_EXERCISE PROMPT_
Nothing in the listing should be altered when it is copied, and no picture goes into the copy.

_DATA SEGMENT_

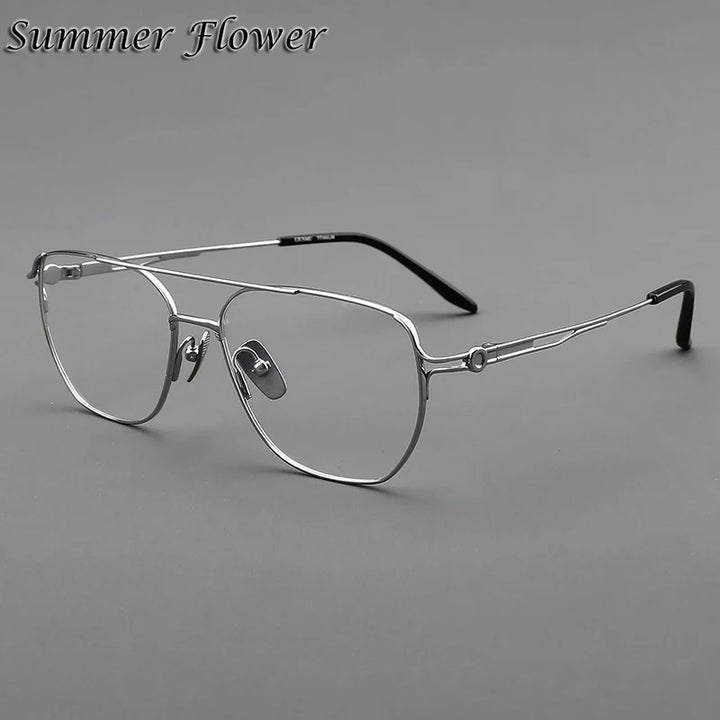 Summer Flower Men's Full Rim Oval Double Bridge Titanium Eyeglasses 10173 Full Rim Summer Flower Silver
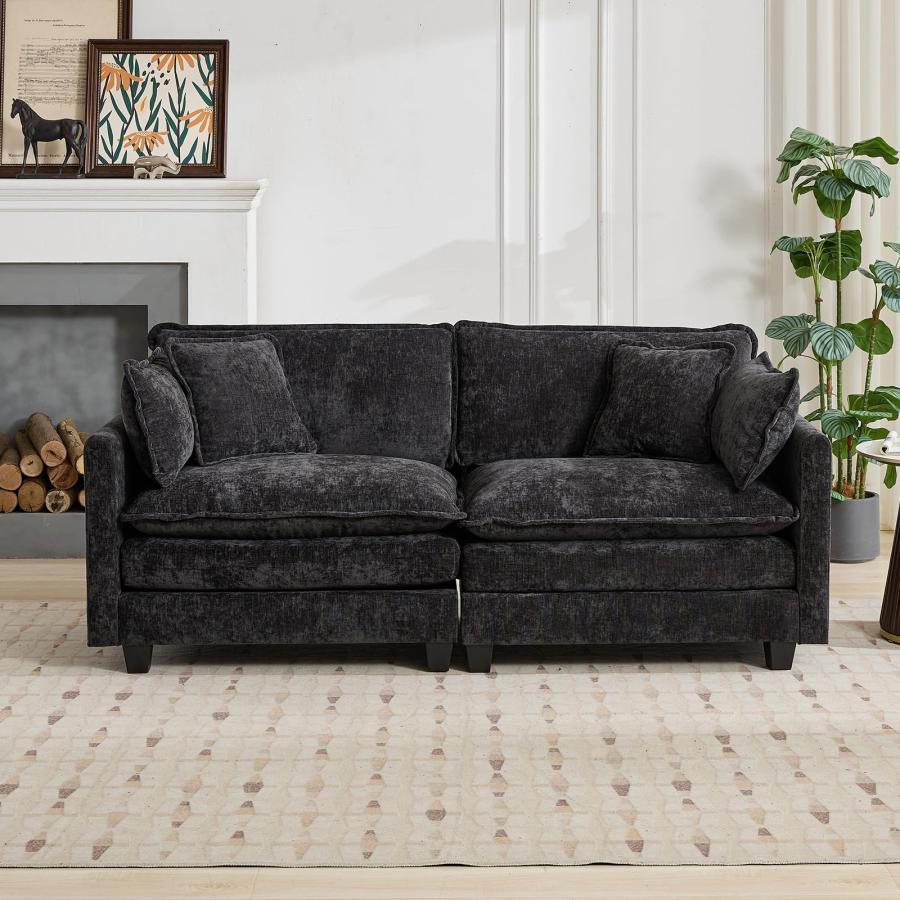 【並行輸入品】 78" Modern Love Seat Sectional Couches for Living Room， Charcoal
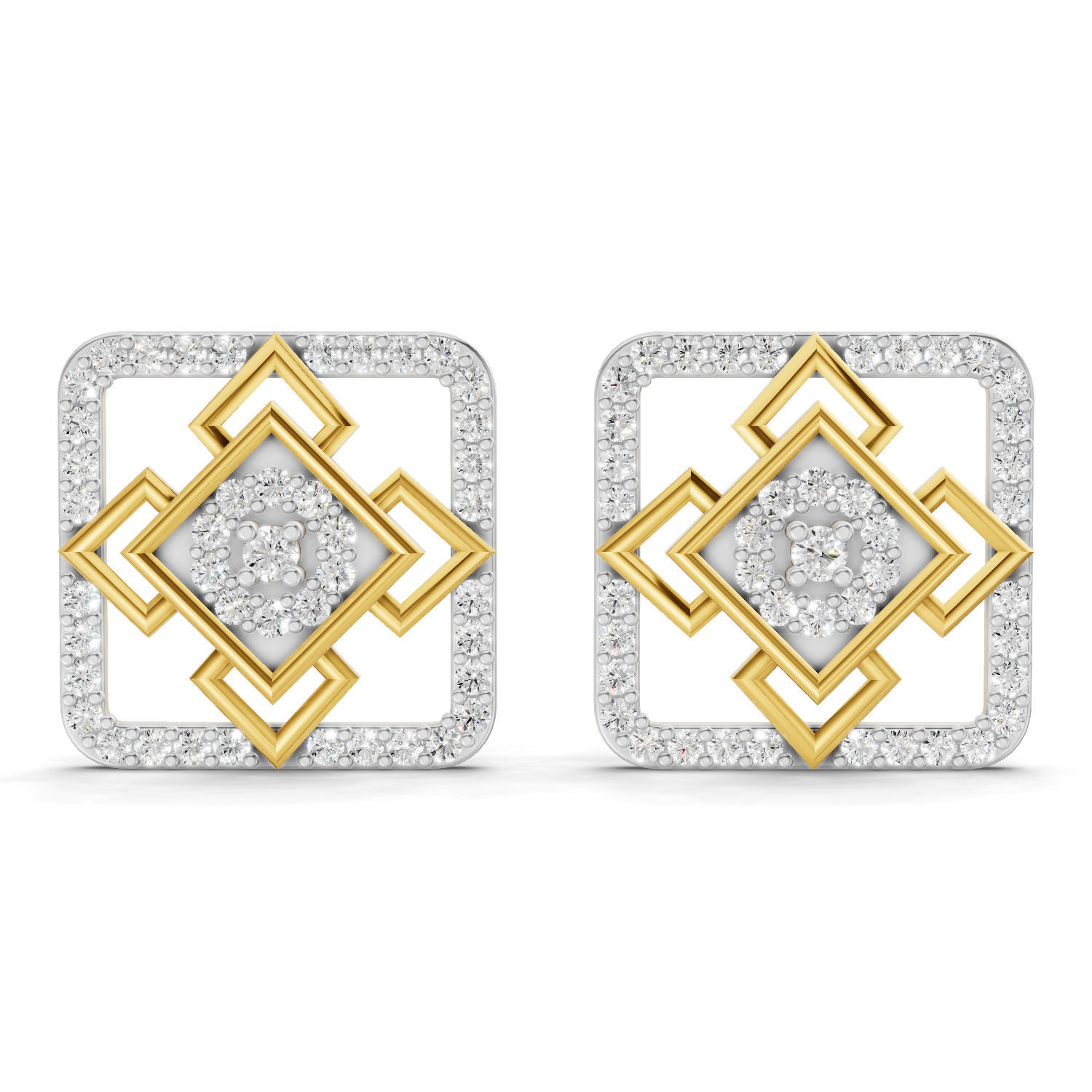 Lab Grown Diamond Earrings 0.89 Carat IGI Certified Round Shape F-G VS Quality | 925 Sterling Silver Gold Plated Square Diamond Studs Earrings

_EXERCISE RESULT_
 Summer Flower Men's Full Rim Oval Double Bridge Titanium Eyeglasses 10173 Full Rim Summer Flower Silver
 【並行輸入品】 78" Modern Love Seat Sectional Couches for Living Room， Charcoal
 Lab Grown Diamond Earrings 0.89 Carat IGI Certified Round Shape F-G VS Quality | 925 Sterling Silver Gold Plated Square Diamond Studs Earrings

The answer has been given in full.